What should I do?

Sometimes, someone comes to you, asking for advice regarding a choice to make. It’s either option A or option B. « What is the right decision? », you’re being asked.

You start to dig, you discover the pros and cons of each option. You rephrase them with your own words, to make sure you understood them correctly. You throw a couple of alternatives, to see if there might be an easy compromise to be found, that would keep most of the pros and kill most of the cons. The feedback you get is clear: none of those alternatives would be adequate. It’s either A or B.

You dig a bit deeper, down each path. You explore the consequences of the first option, by asking more questions. « And if that happened, how would you feel about it? » Then you explore the second option, to get to the bottom of this decision, to find the hidden problem that wasn’t sufaced initially.

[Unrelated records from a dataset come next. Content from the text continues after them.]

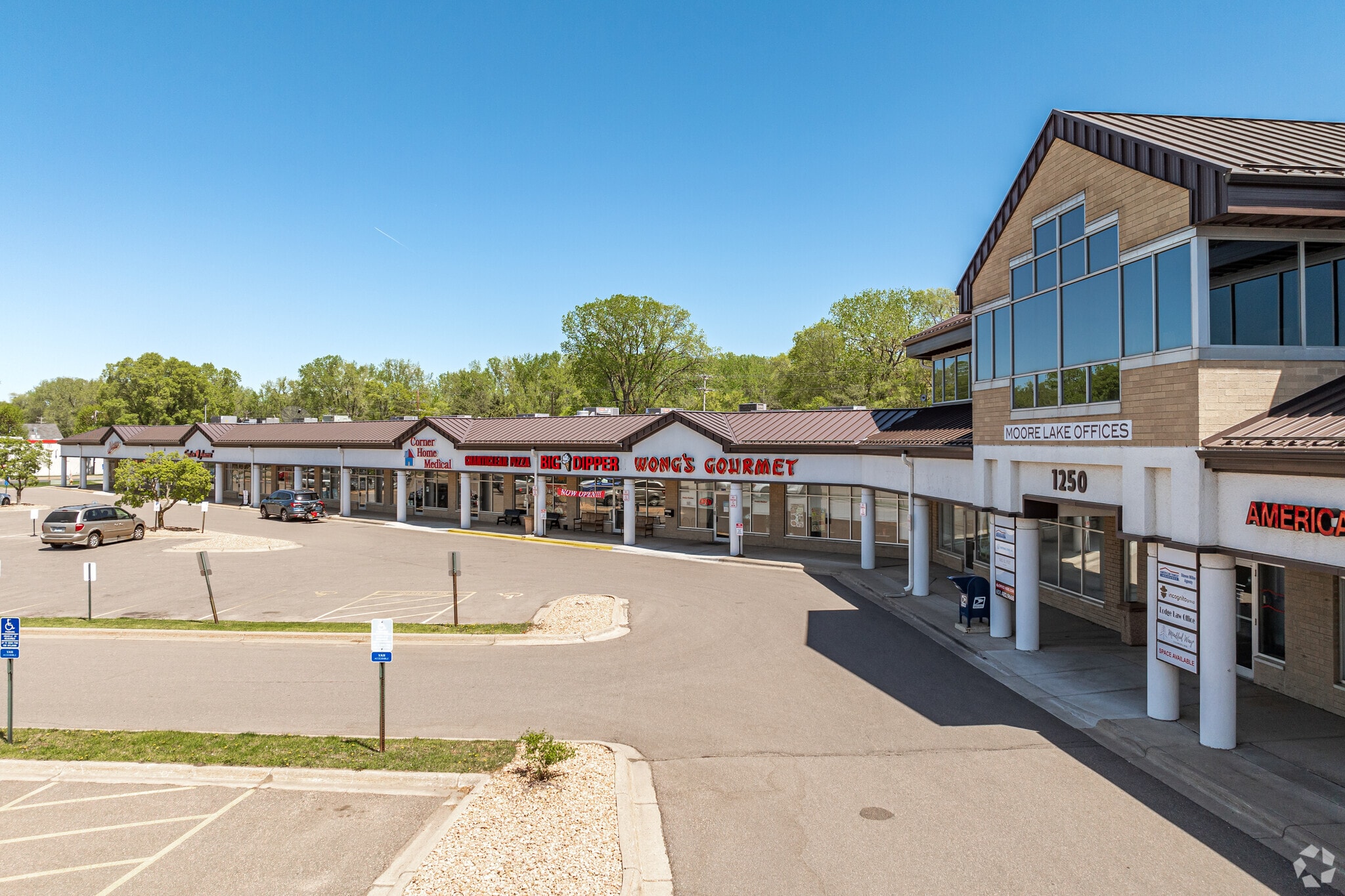 1202-1298 Moore Lake Dr E, Minneapolis, MN for lease Primary Photo- Image 1 of 2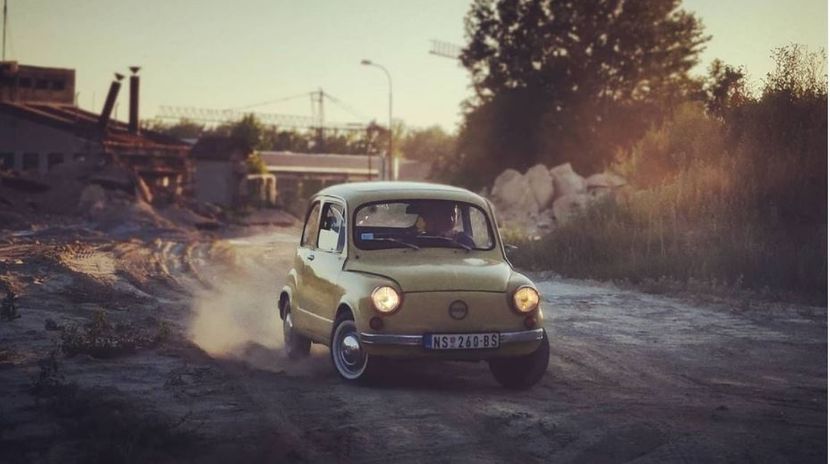 PRAVA ATRAKCIJA! FILMSKA PRIČA O NIKOLI I ŽUTOM FIĆI: Ta ljubav inspiriše gdje god se pojave! (FOTO)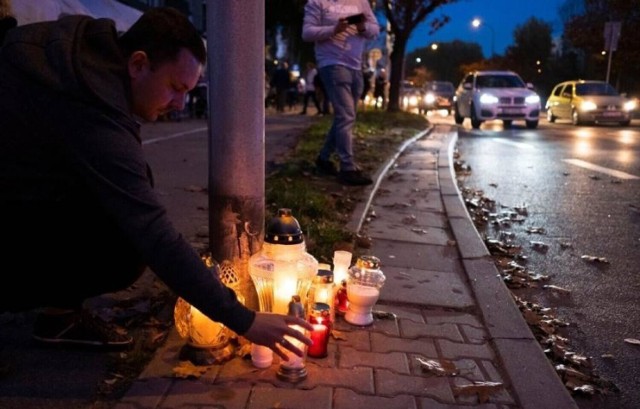 W Sądzie Apelacyjnym w Warszawie zapadł wyrok w sprawie Krystiana O., kierowcy bmw, który w październiku 2019 roku spowodował śmiertelny wypadek na przejściu dla pieszych na ul. Sokratesa.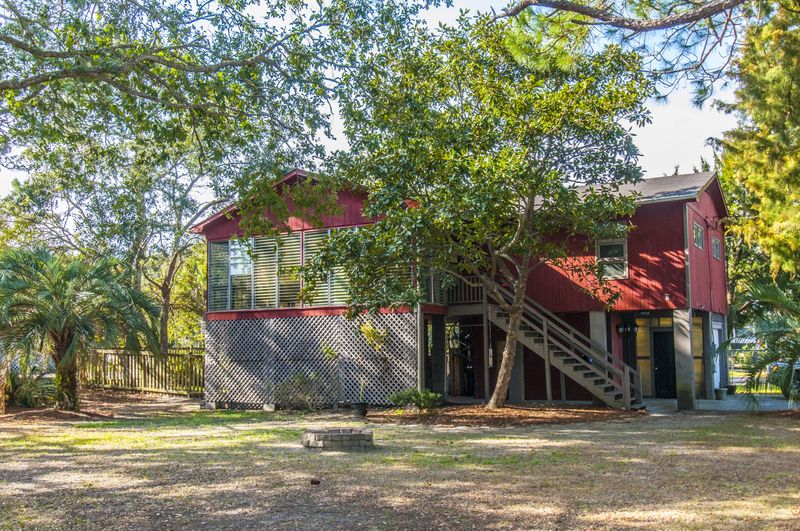 2730 Middle St, Sullivans Island, SC 29482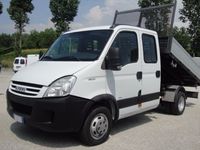 usata Iveco 35.12 Dailydoppia cabina 7 posti Ribaltabile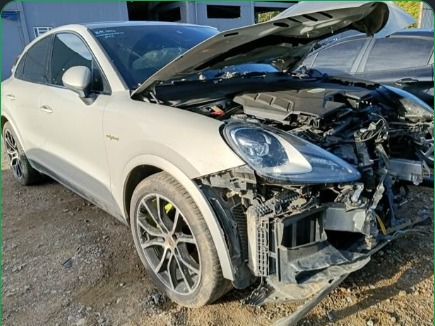 Porsche Cayenne Coupé E-Hybrid 2021 no pátio do Desmanche SulCar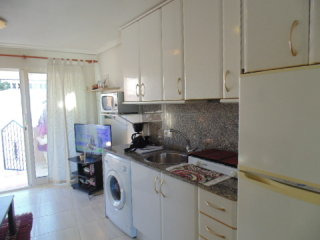 1 Bedroom Bungalow For Sale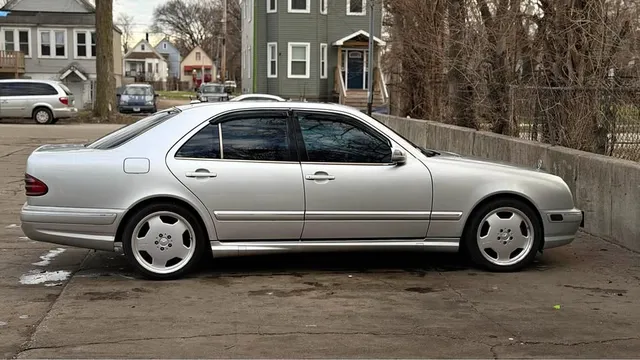 2000 Mercedes-Benz Mercedes-AMG E-Class E 53 AMG Sedan 4D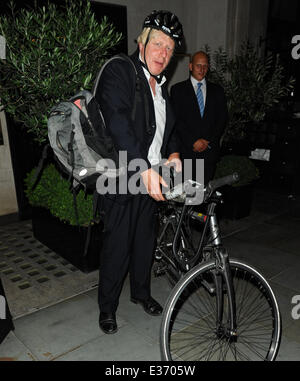 Boris Johnson verlässt Scott ist Restaurant Marin per Fahrrad Featuring: Boris Johnson wo: London, Vereinigtes Königreich bei: 22. Juli 2013 Stockfoto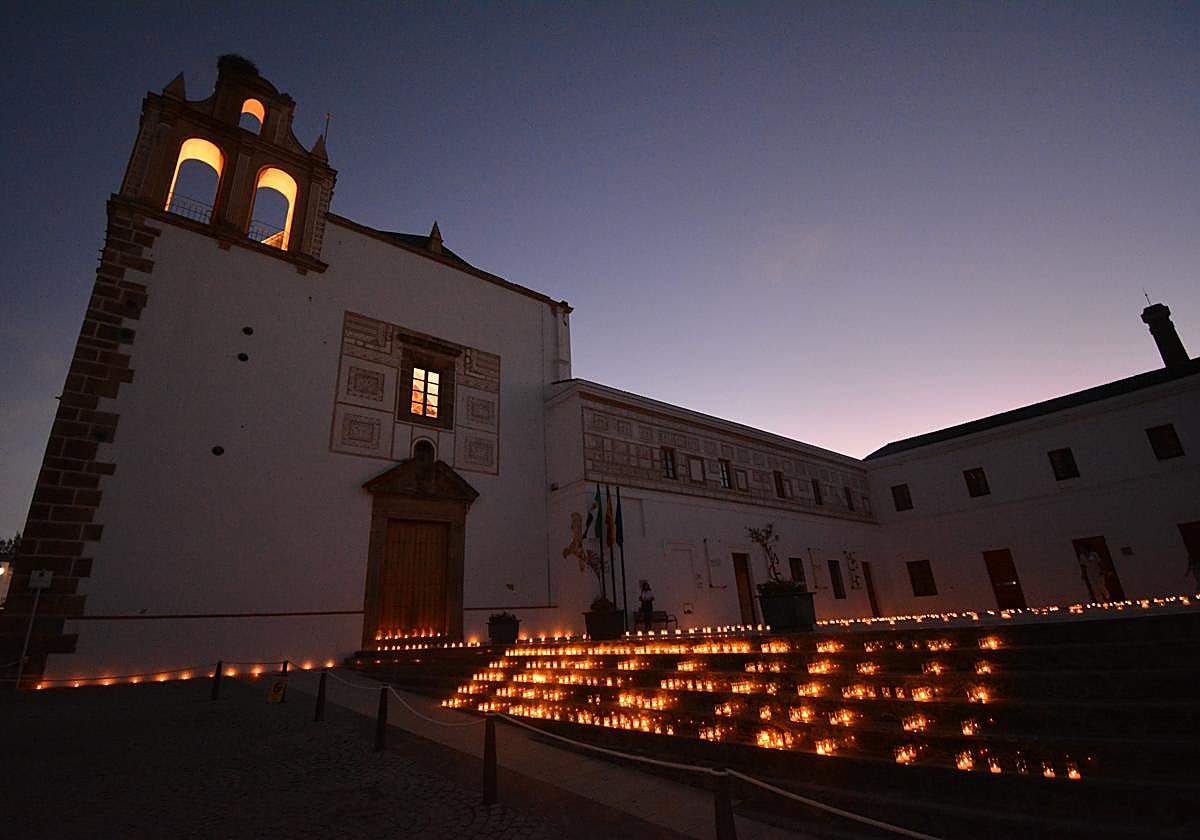 Fregenal brilló durante la Noche en Blanco con más de 6.000 velas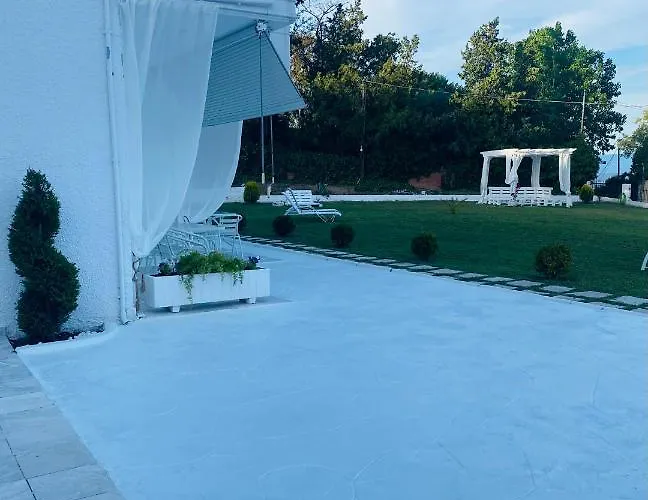 Lefki Полихроно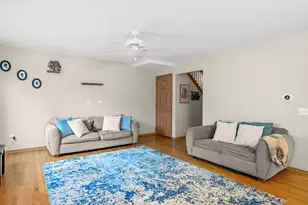 352 Normandie Dr, Sugar Grove, IL 60554 - Photo 4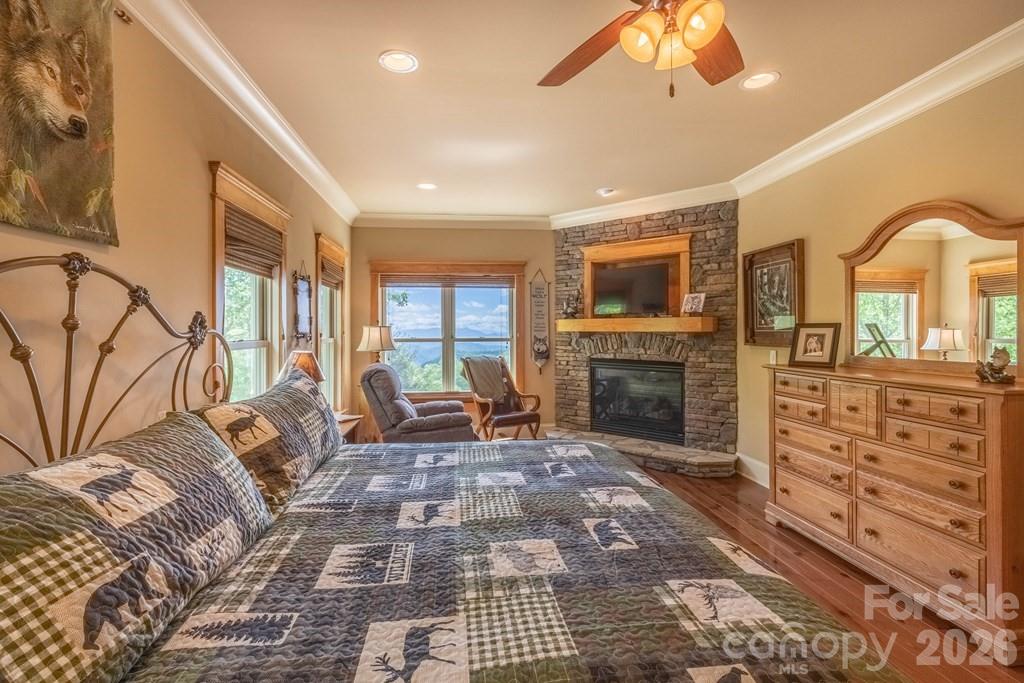 27 Indianola Lane — Bryson City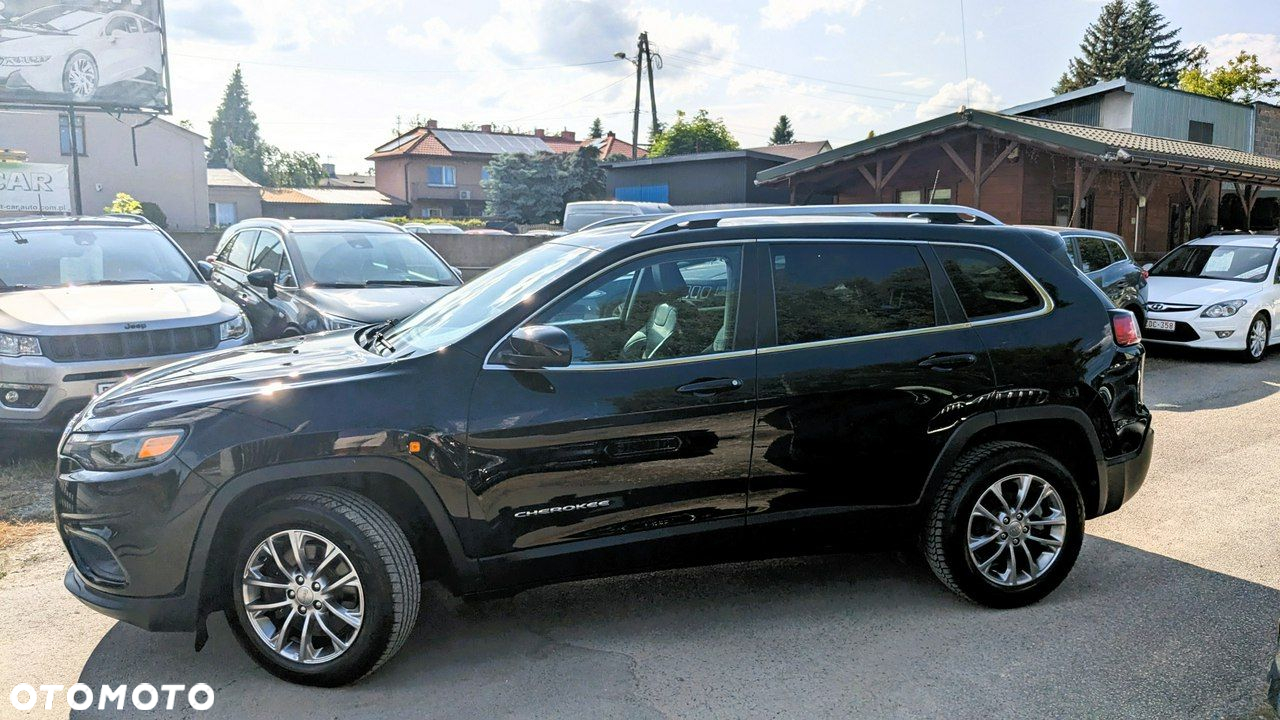 Jeep Cherokee - 3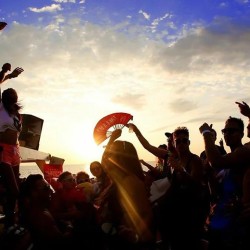 В прегръдката на морето: Разходка за двама с кораб Св. Тома край Варна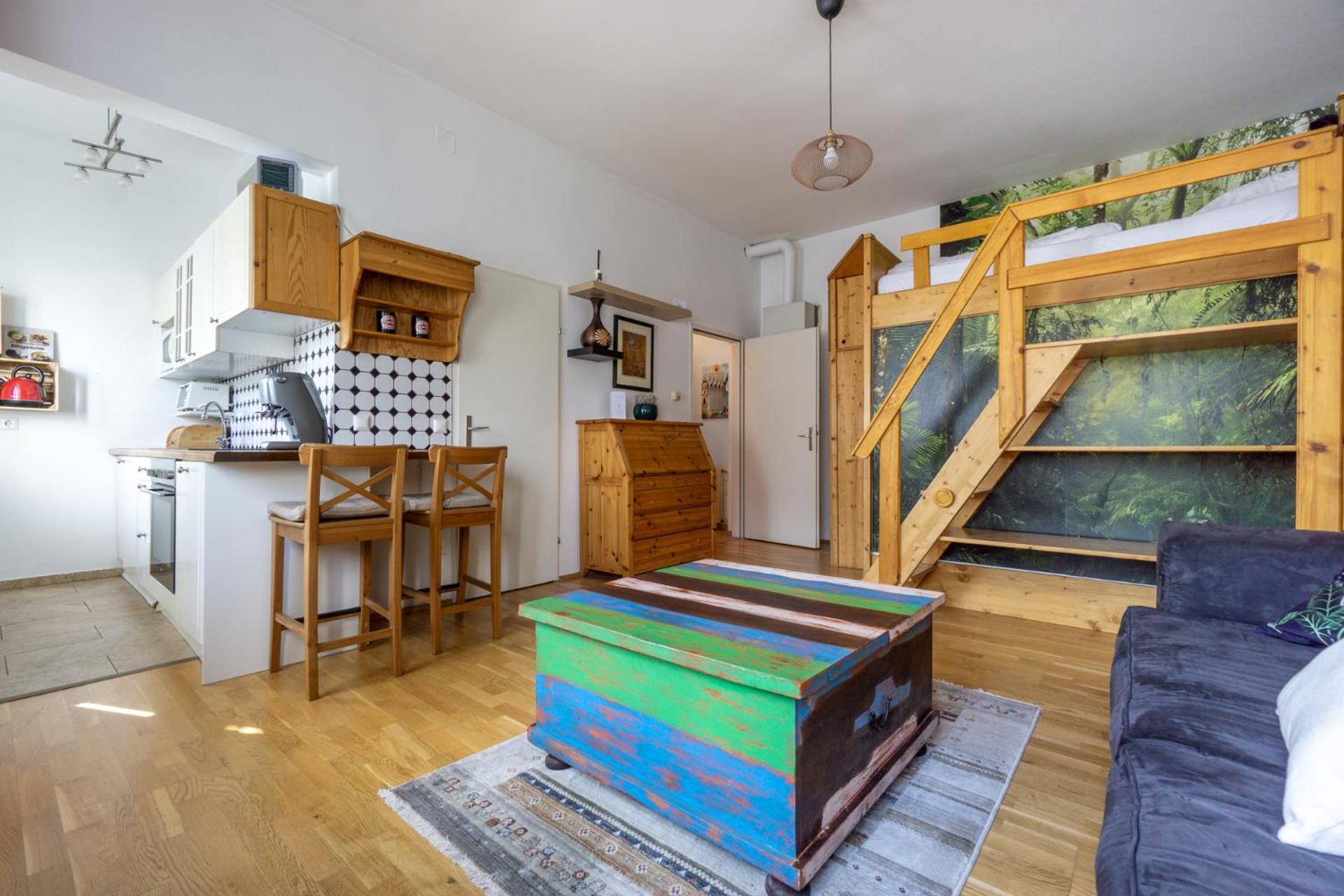 Next To Stadthalle & Westbahnhof Apartment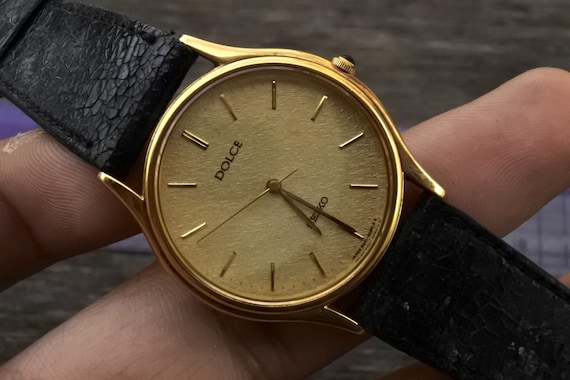 Vintage Seiko Dolce Gold Plated 8N41 6060 Textured Dial Men Quartz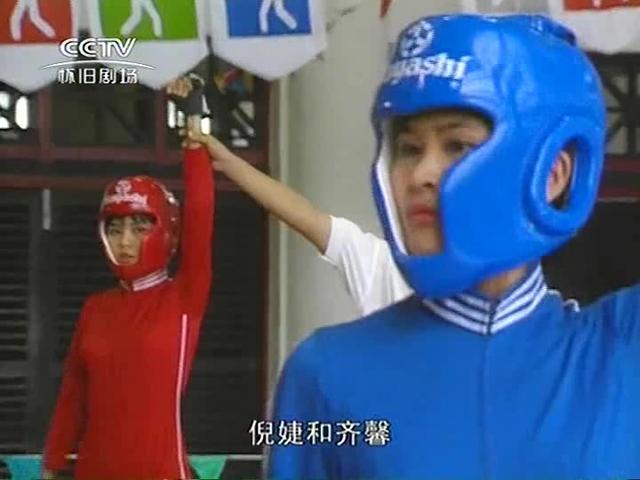 新加坡经典《霹雳红唇》：两美女搏击比赛难分胜负
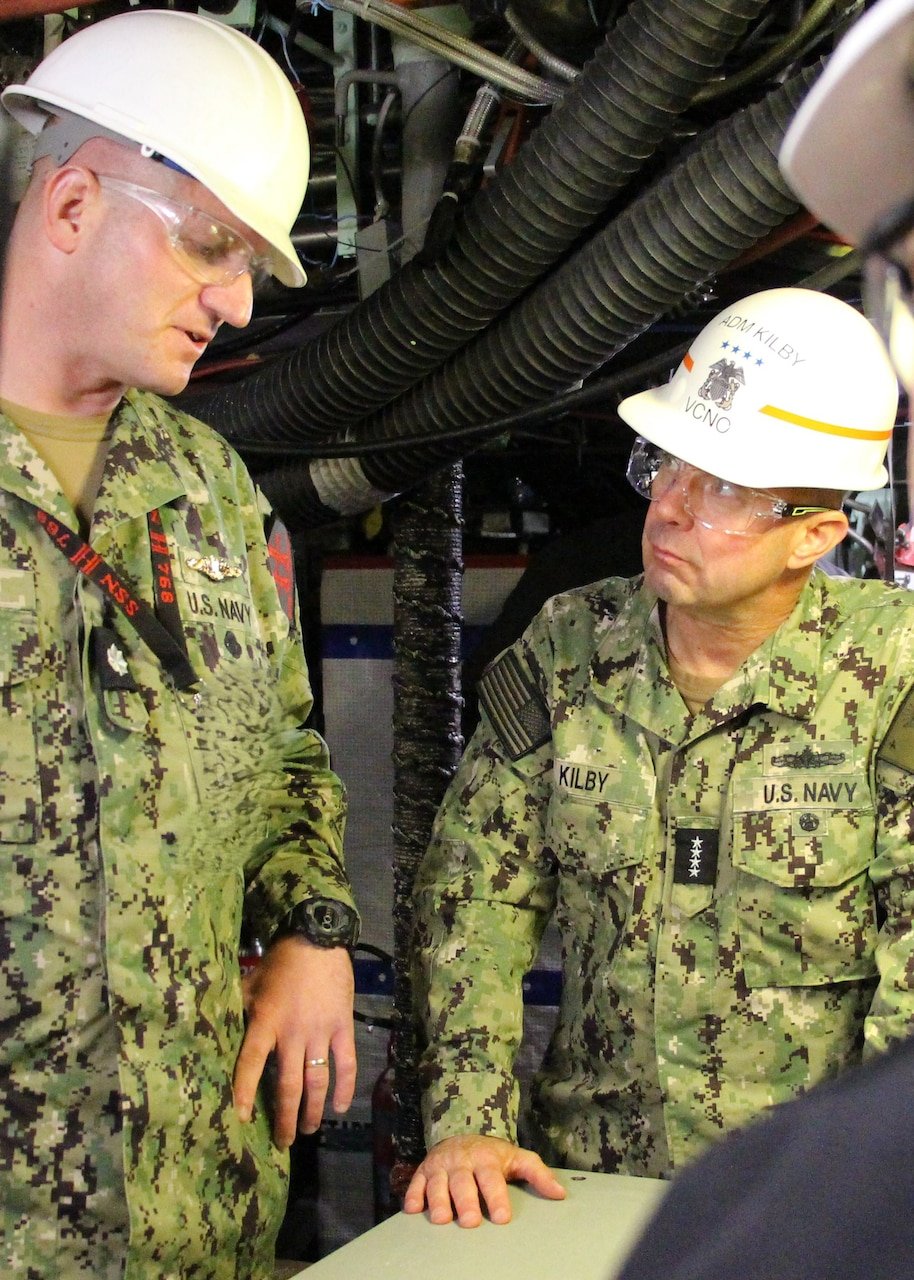 VCNO Visits Shipyards, Navy Leadership in Northeast Focused on Readiness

The more you learn, the more you start to think: « There’s no right or wrong decision. Both options seem quite valid. » Actually, would you be in such a position, you already know what option you would choose. But that’s very personal. By no means it discards the other option – it’s just a personal preference, based on unconscious criterias that you don’t even bother paying attention to.

So you end up saying: « It’s really up to you. » You see in the face in front of you a hint of disappointment. Yes, you’ve helped. By helping the person hear arguments in someone else’s mouth, by removing unnecessary parameters from the equation, by revealing the real problem behind the initial dilemma, you’ve helped.

You’ve helped, and yet, when you leave the person, you feel you could have helped more. You’re pretty sure that sharing your personal take on the topic what not the solution. Or maybe it was?

No, it was not. At least, not by stating your own position and leaving it at that. However, being able to reverse-engineer your strong feeling about the question, to the point of surfacing the main criteria that makes one option look way better than the other one. Now that would have helped. Even better: listing other criterias, and pulling the thread for each one. « If you care a lot about that dimension and that dimension, then it’s quite obvious that you should go for option B. Same thing if you value this one over that one. »

Why is that more helpful? Because the question has shifted. The decision to be made doesn’t refer to a specific situation anymore – it refers to who the person is. It still is a open-ended question, and it probably requires more thinking than the initial one. But the long-term benefit is worth it. Once you’ve answered questions like « Who are you? », questions like « What should I do? » don’t pop up as often.